◆ The records
----------

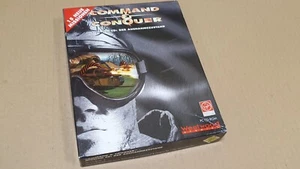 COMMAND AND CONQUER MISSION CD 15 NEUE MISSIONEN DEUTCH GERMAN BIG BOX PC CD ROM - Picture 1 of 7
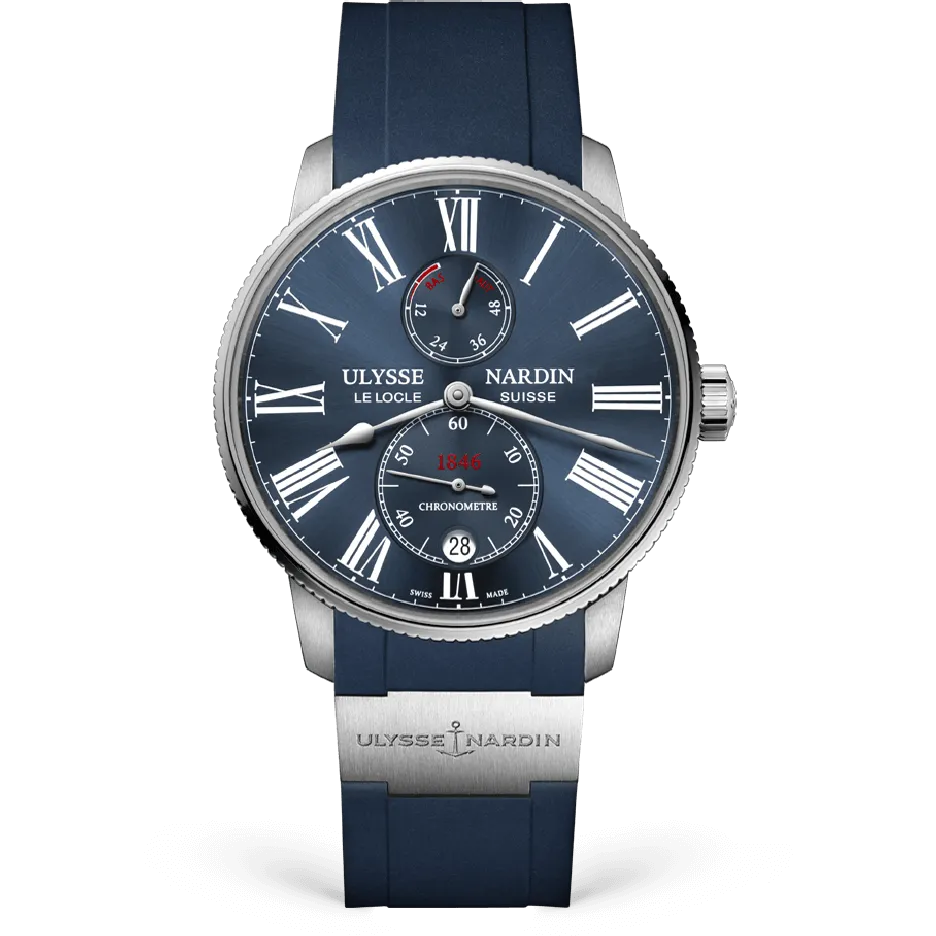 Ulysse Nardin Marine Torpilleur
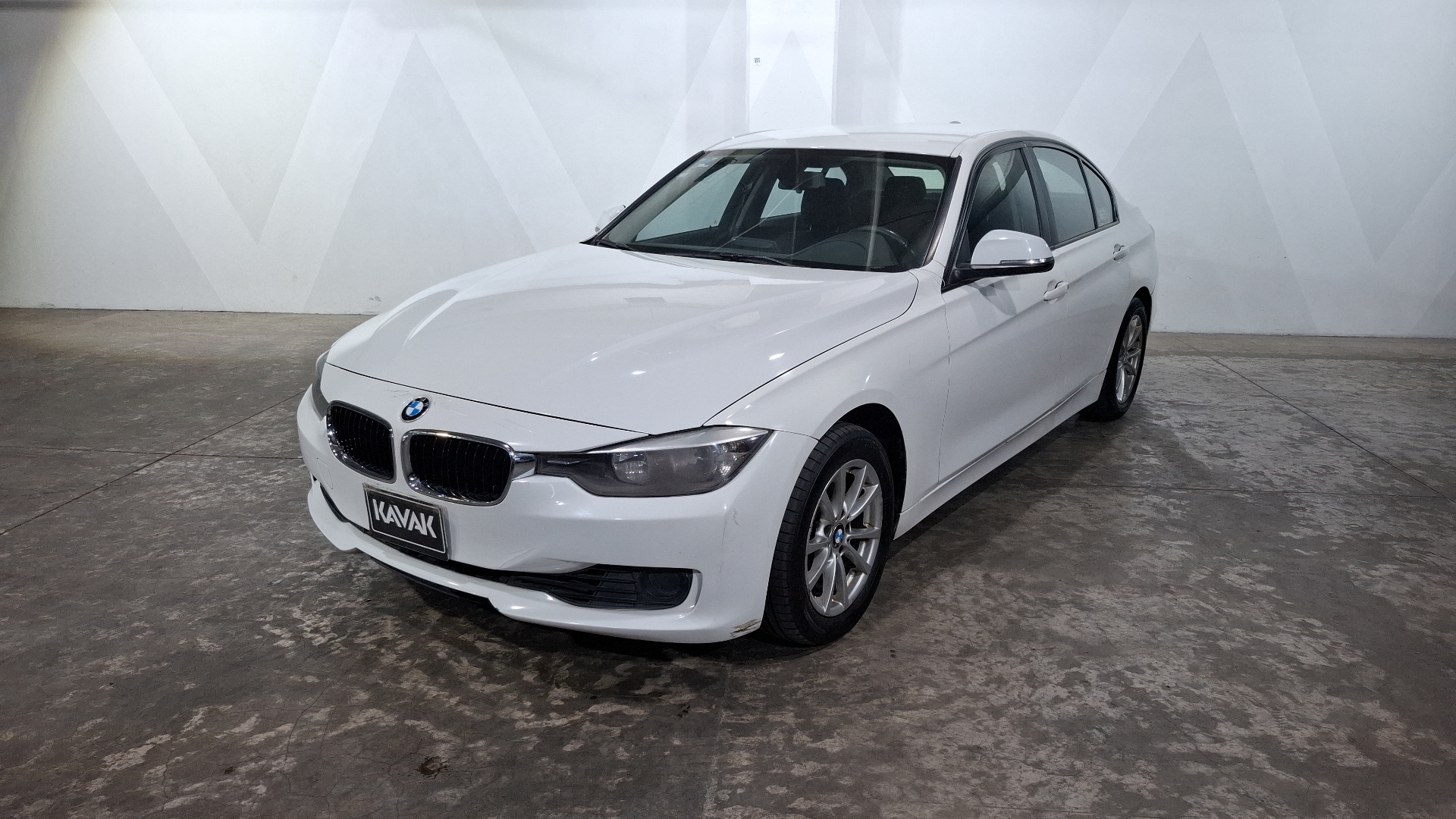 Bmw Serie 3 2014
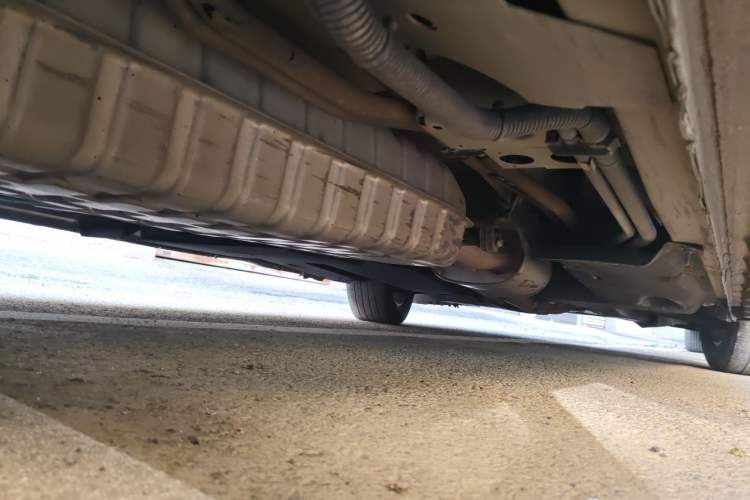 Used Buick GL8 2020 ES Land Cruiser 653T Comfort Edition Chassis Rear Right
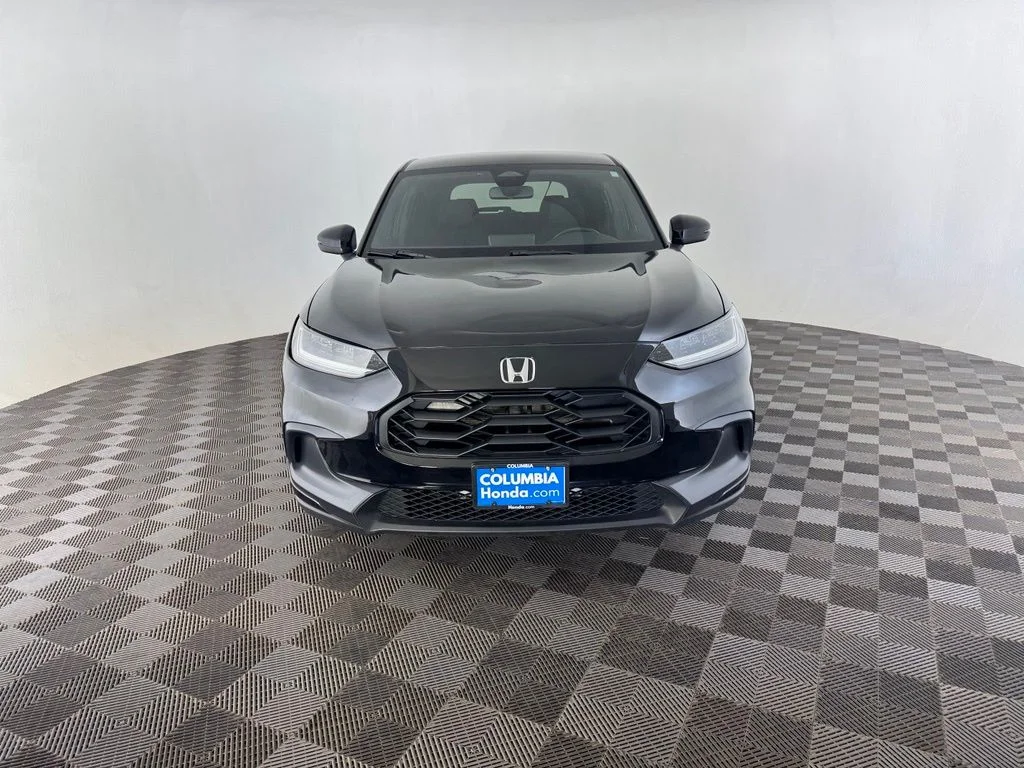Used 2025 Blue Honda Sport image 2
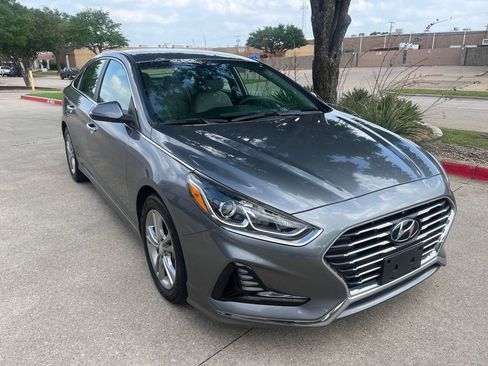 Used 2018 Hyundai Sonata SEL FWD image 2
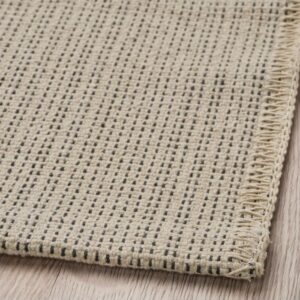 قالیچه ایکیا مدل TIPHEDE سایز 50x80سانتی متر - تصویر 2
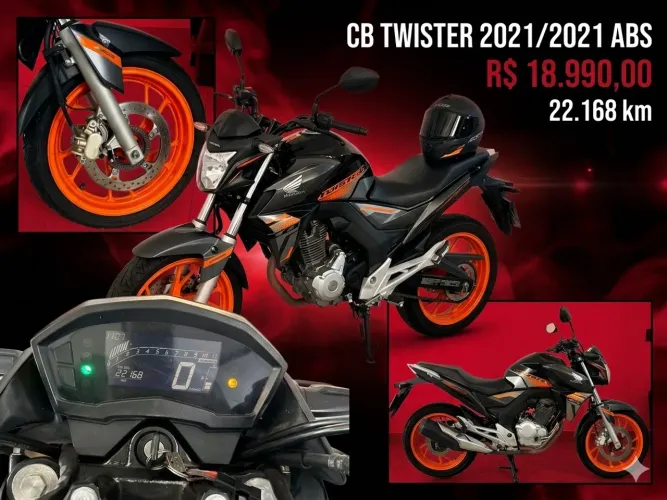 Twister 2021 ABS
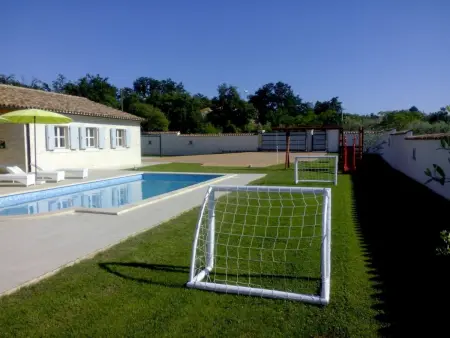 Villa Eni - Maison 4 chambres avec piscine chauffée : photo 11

----------

◆ What the task asks
Do not copy pictures. Restate exactly the lines from the one containing "Twister 2021 ABS" through the last line of the records.

◆ Your solution
 Twister 2021 ABS
 Villa Eni - Maison 4 chambres avec piscine chauffée : photo 11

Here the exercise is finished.